== WORK TO BE COMPLETED ==
Word for word, write the lines below out again, with no pictures.
MATERIAL FOR THIS TASK section start
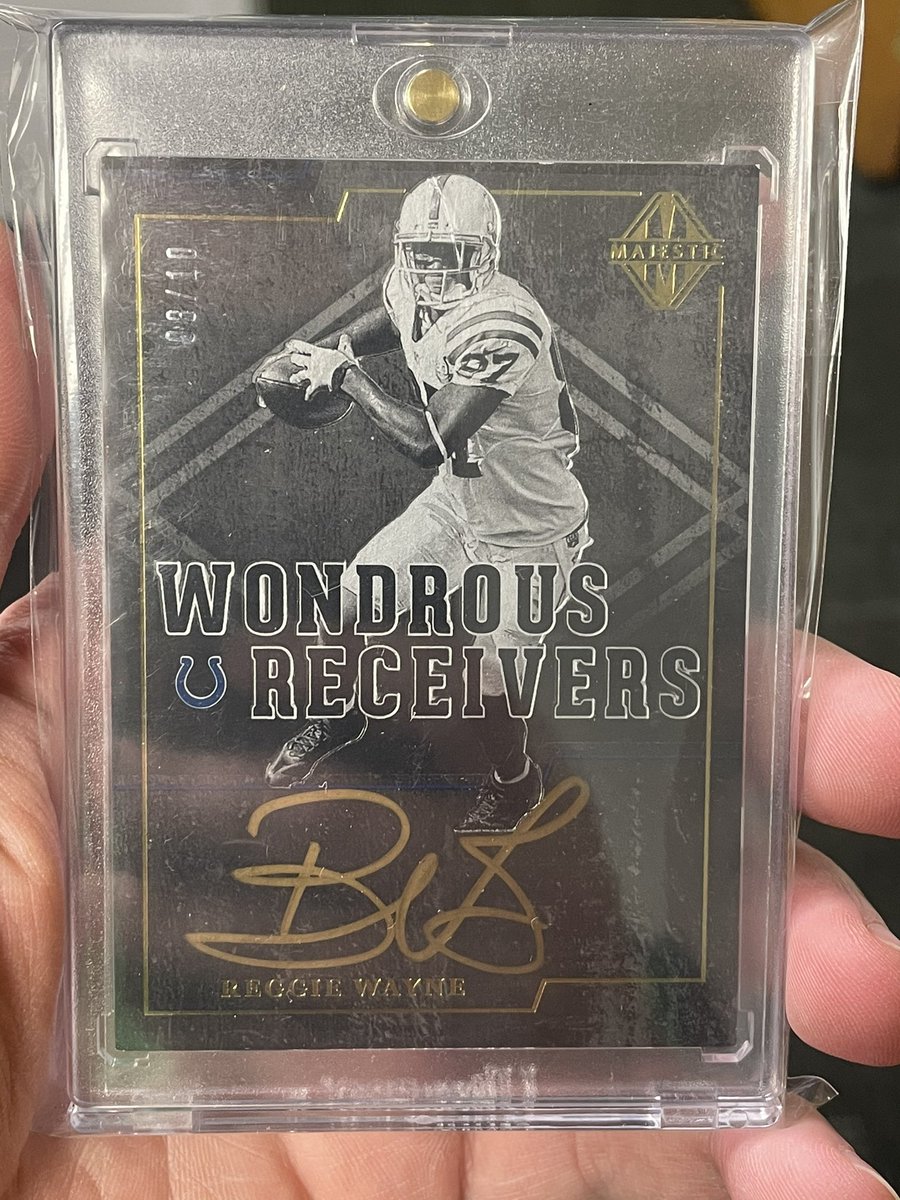 HoovRealtor's tweet photo. Day 17 of the @sportfanatic813 &amp; @Asmithcards #DecemberPCchallenge is one of my favorite Colts ever... Reggie Wayne
2017 @PaniniAmerica Majestic Wondrous Receivers Auto 8/10 
(8+10=18, that’s Peyton’s jersey number so that’s an Indianapolis Colts 1/1) #whodoyoucollect #thehobby https://t.co/nU3i5xyNww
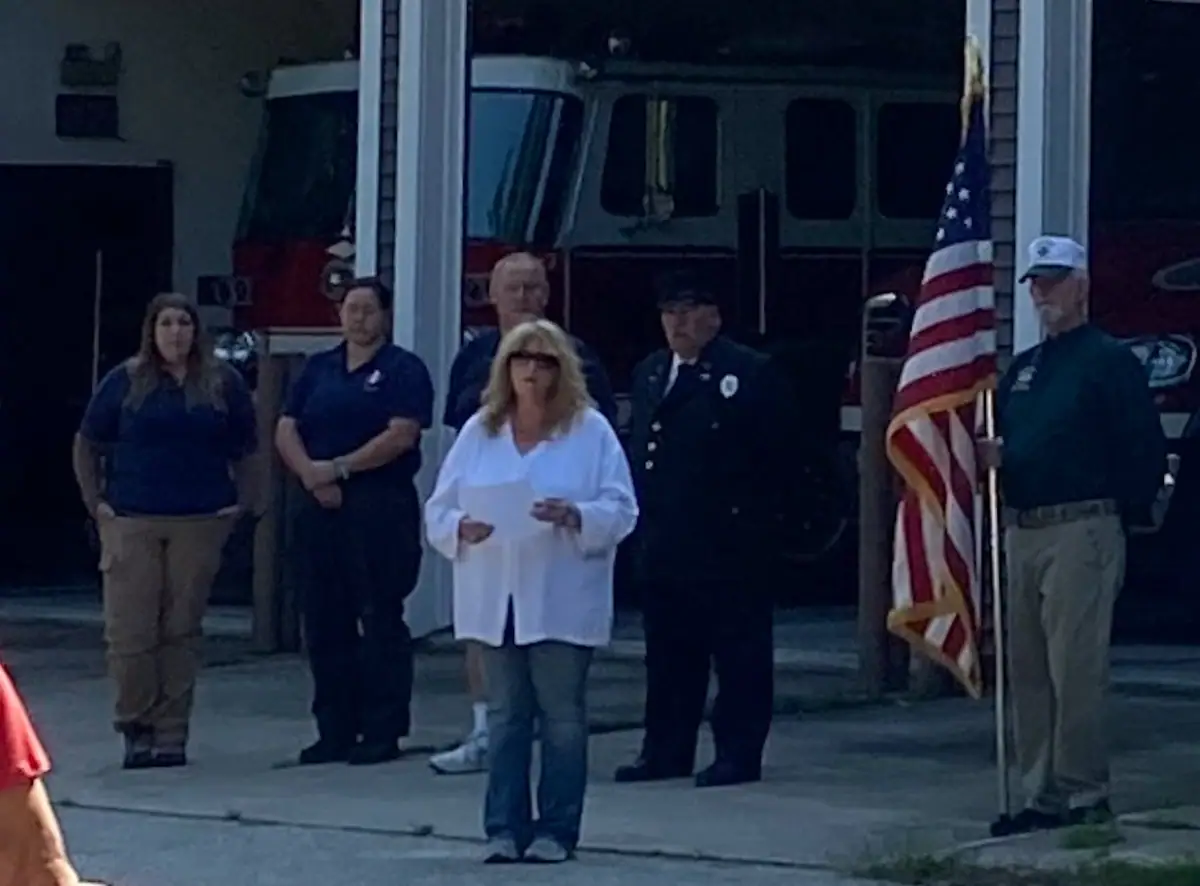 Six people stand outside a fire station beside a fire truck and an American flag.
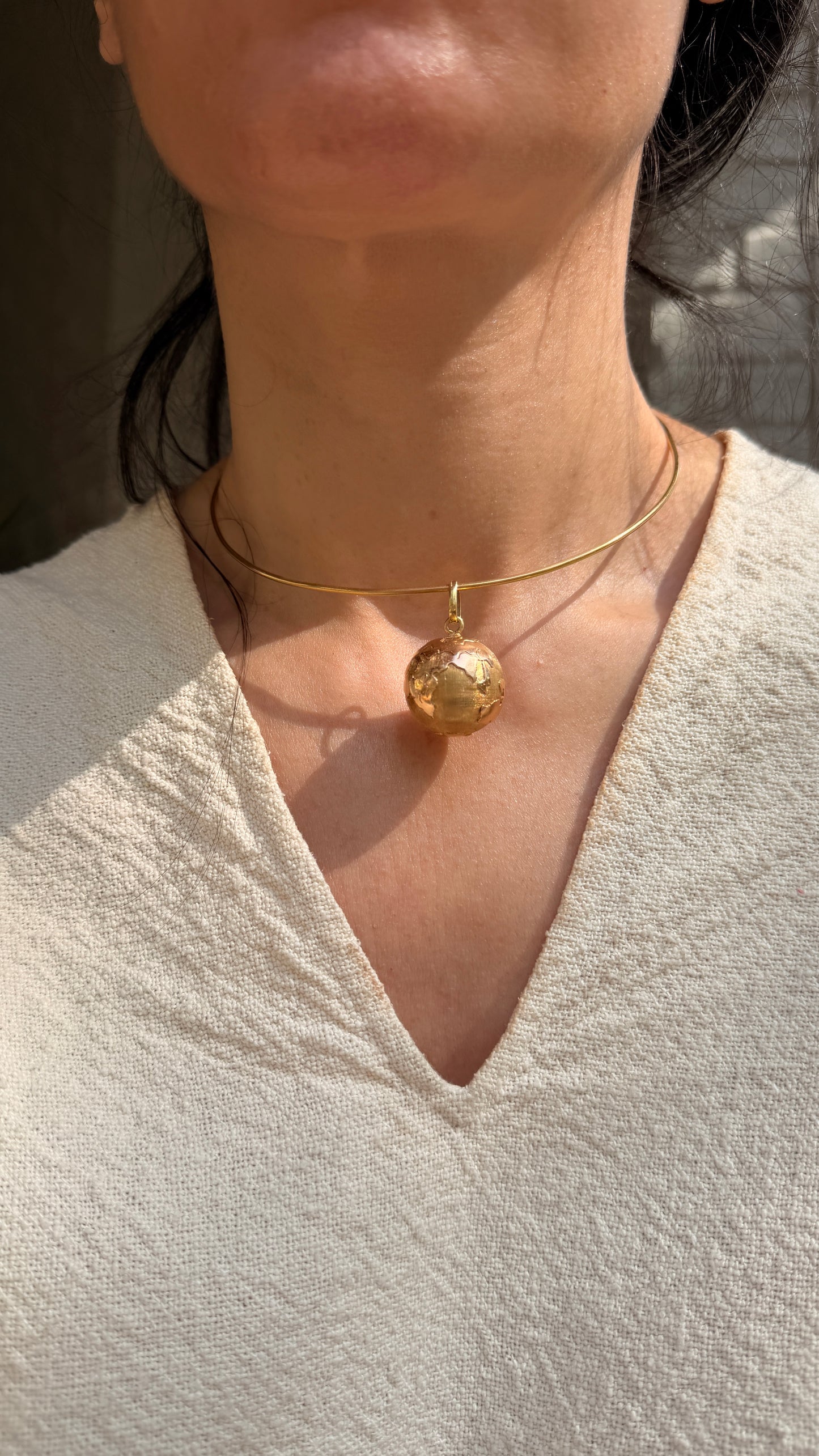 Vintage yellow 14K gold 3D globe pendant
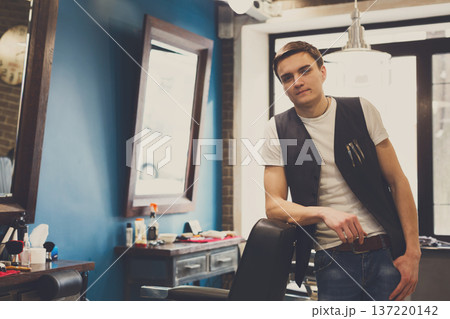 Young barber waits for client, looking at camera. Male hairstylist in barbershop Young barber waits for client, looking at camera. Male hairstylist in barbershop 137220142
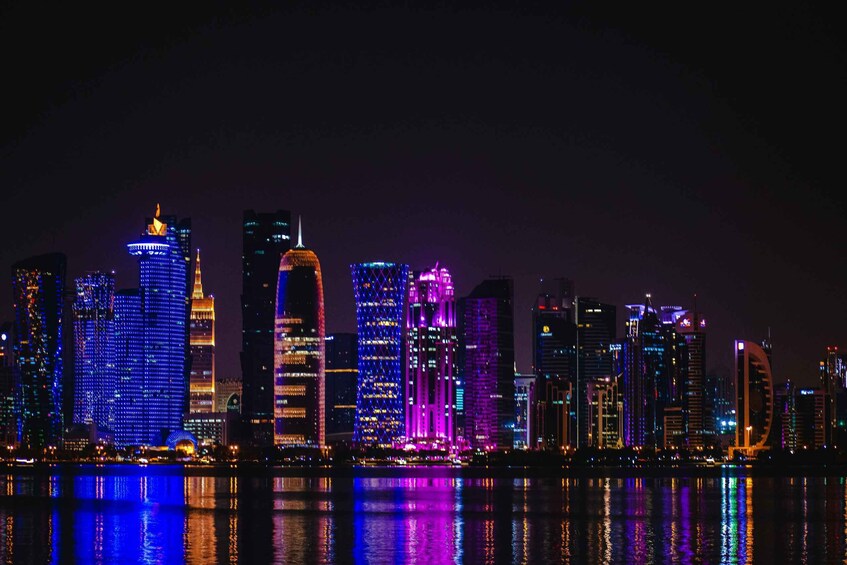A nighttime city skyline with illuminated buildings reflecting on the water. 5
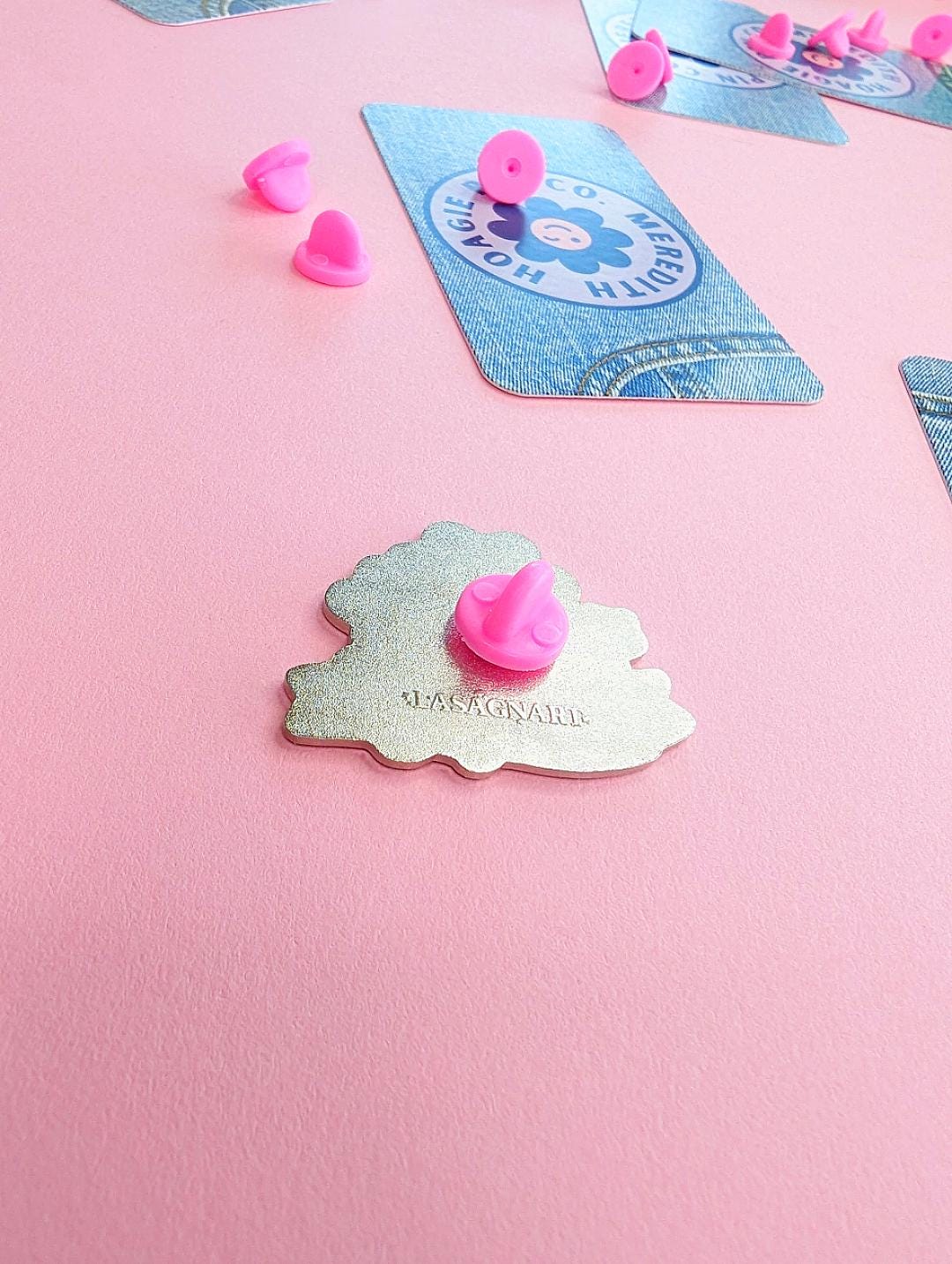 secured the bag pokemon enamel pin back with pink rubber pin backing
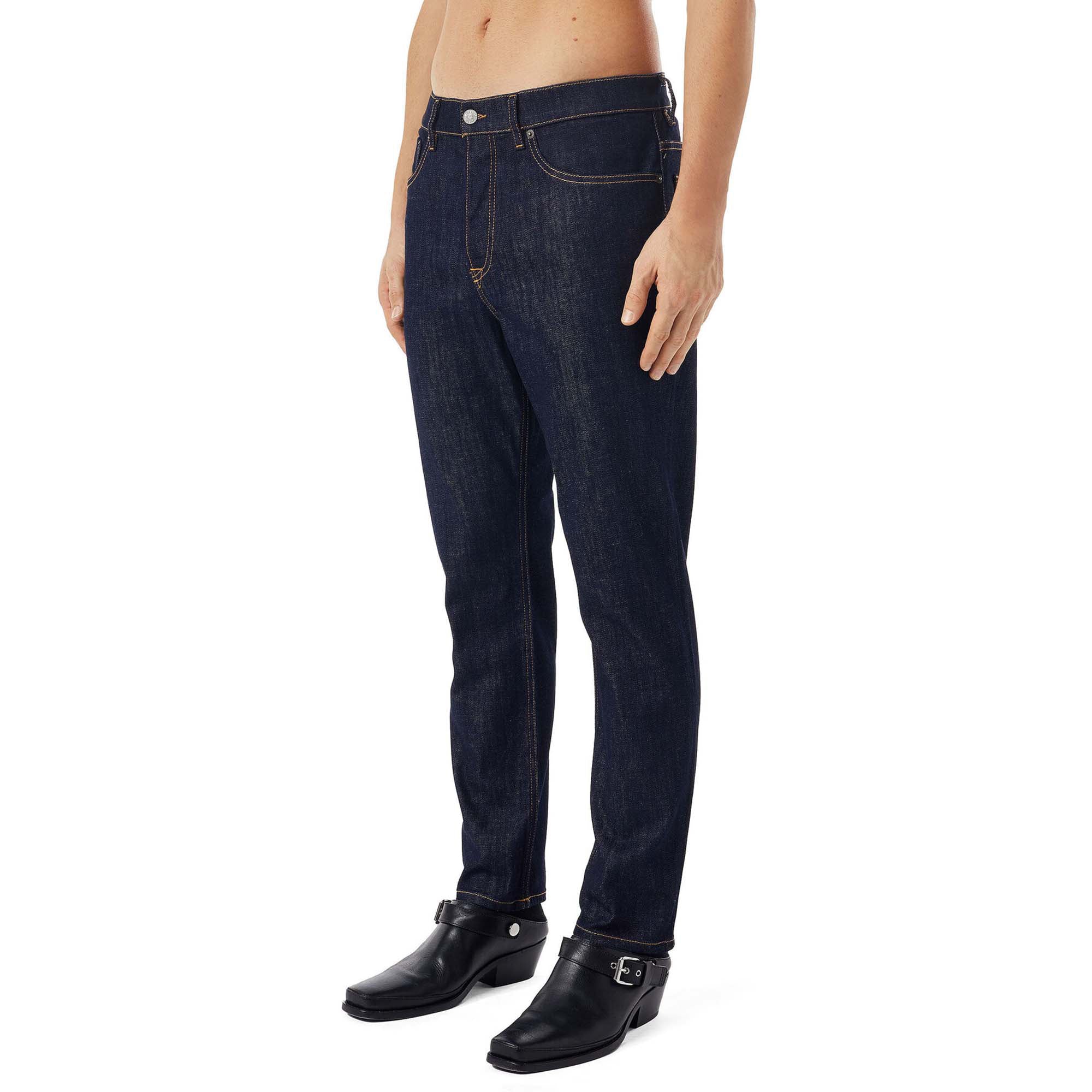 Side view of Diesel D-Fining Z9B89 Tapered Fit Jeans in Raw Rinse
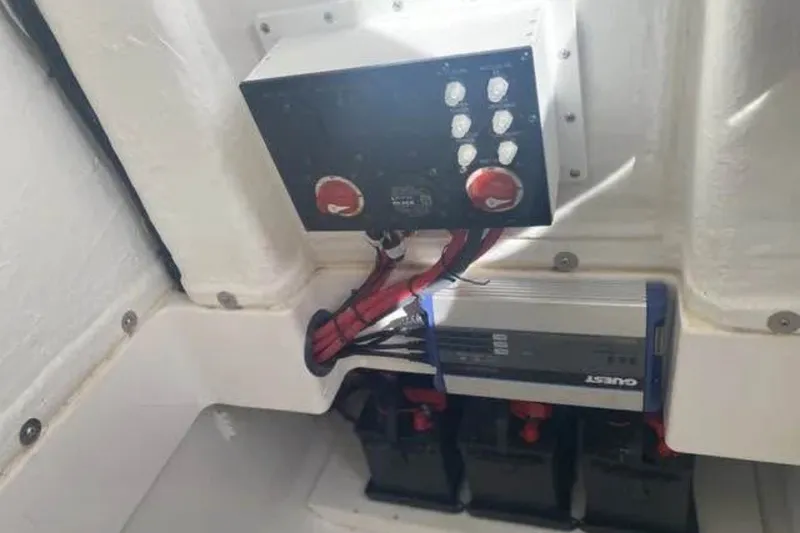 Slide: The Image of Electrical panel and battery setup in 2021 Aquasport 2500 Center Console boat. - 18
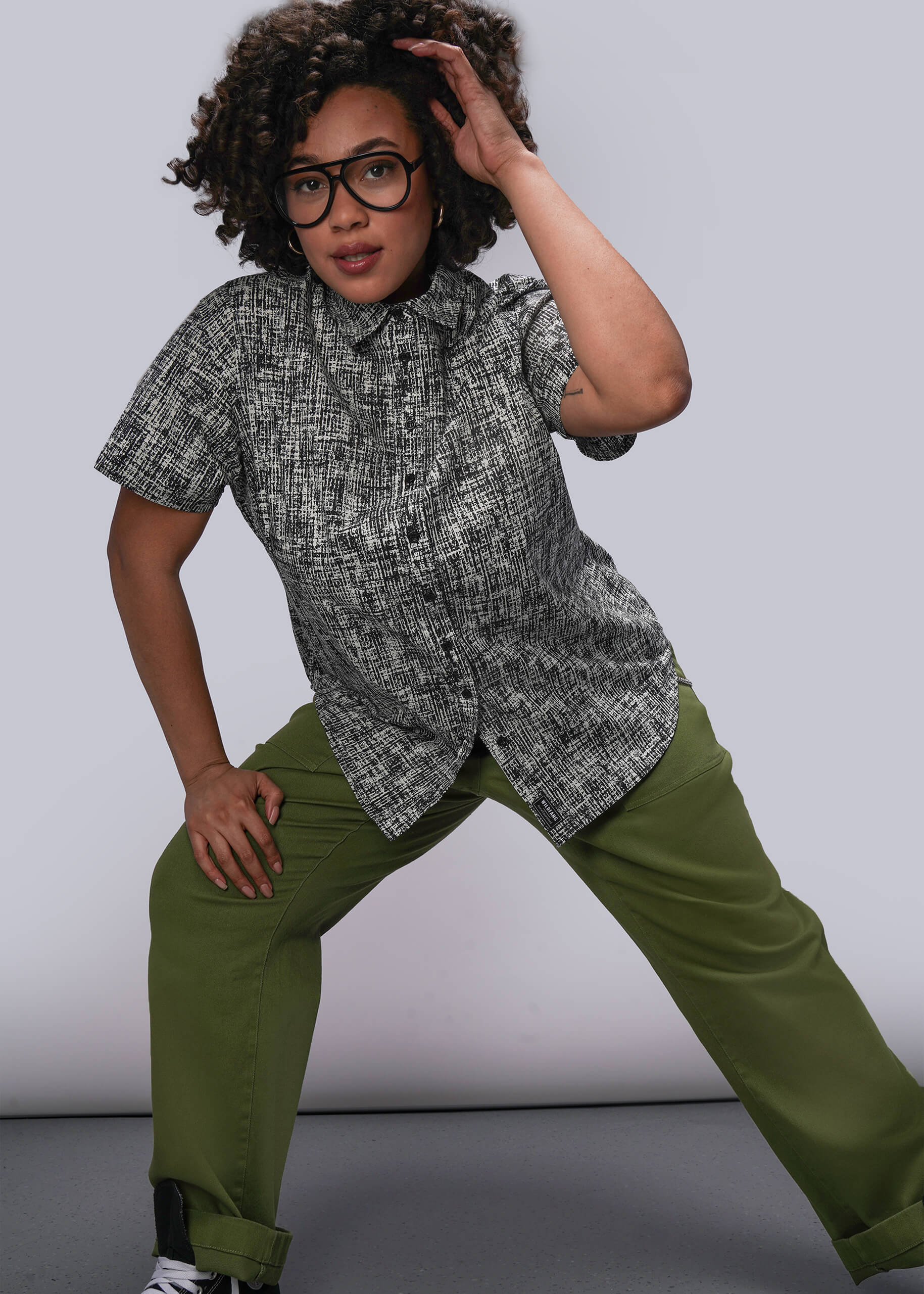 1X=Person wearing a patterned shirt and green pants against a plain background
MATERIAL FOR THIS TASK section end
== RESPONSE TO THIS EXERCISE ==
 HoovRealtor's tweet photo. Day 17 of the @sportfanatic813 &amp; @Asmithcards #DecemberPCchallenge is one of my favorite Colts ever... Reggie Wayne
2017 @PaniniAmerica Majestic Wondrous Receivers Auto 8/10 
(8+10=18, that’s Peyton’s jersey number so that’s an Indianapolis Colts 1/1) #whodoyoucollect #thehobby https://t.co/nU3i5xyNww
 Six people stand outside a fire station beside a fire truck and an American flag.
 Vintage yellow 14K gold 3D globe pendant
 Young barber waits for client, looking at camera. Male hairstylist in barbershop Young barber waits for client, looking at camera. Male hairstylist in barbershop 137220142
A nighttime city skyline with illuminated buildings reflecting on the water. 5
 secured the bag pokemon enamel pin back with pink rubber pin backing
 Side view of Diesel D-Fining Z9B89 Tapered Fit Jeans in Raw Rinse
 Slide: The Image of Electrical panel and battery setup in 2021 Aquasport 2500 Center Console boat. - 18
 1X=Person wearing a patterned shirt and green pants against a plain background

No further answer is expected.